Should reviewers of bioinformatics software insist that some form of documentation is always included alongside the code?

Yesterday I gave out some JABBA awards and one recipient was a tool called HEALER. I found it disappointing that the webpage that hosts the HEALER software contains nothing but the raw C++ files (I also found it strange that none of the filenames contain the word 'HEALER'). This is what you would see if you go to the download page:

Today, Mick Watson alerted me to a piece of software called ScaffoldScaffolder. It's a somewhat unusual name, but I guess it at least avoids any ambiguity about what it does. Out of curiosity I went to the the website to look at the software and this is what I found:

Ah, but maybe there is some documentation inside that tar.gz file? Nope.

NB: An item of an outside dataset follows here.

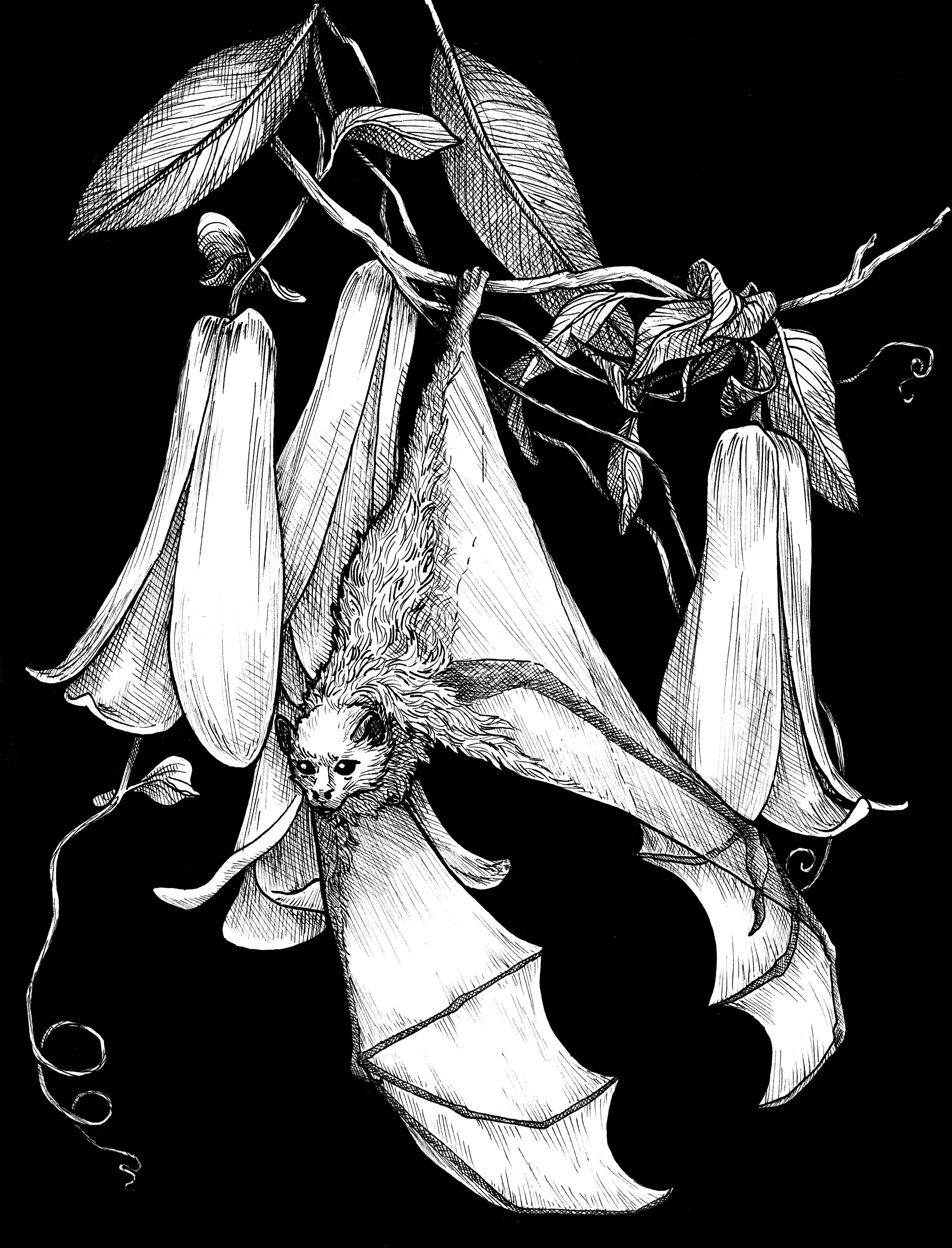 Bat and Brugmansia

At the very least, I think it is good practice to include a README file alongside any software. Developers should remember that some people will end up on these software pages, not from reading the paper, but by following a link somewhere else. The landing page for your software should make the following things clear:

  1. What is this software for?
  2. Who made it?
  3. How do I install it or get it running?
  4. What license is the software distributed under?
  5. What is the version of this software?

The last item can be important for enabling reproducible science. Give your software a version number — the ScaffoldScaffolder included a version number in the file name — or, at the very least, include a release date. Ideally, the landing page for your software should contain even more information:

  1. Where to go for more help, e.g. a supplied PDF/text file, link to online documentation, or instructions about activating help from within the software
  2. Contact email address(es)
  3. Change log

This is something that I feel that reviewers of software-based manuscripts need be thinking about. In turn, this means that it is something that the relevant journals may wish to start including in the guidelines for their reviewers.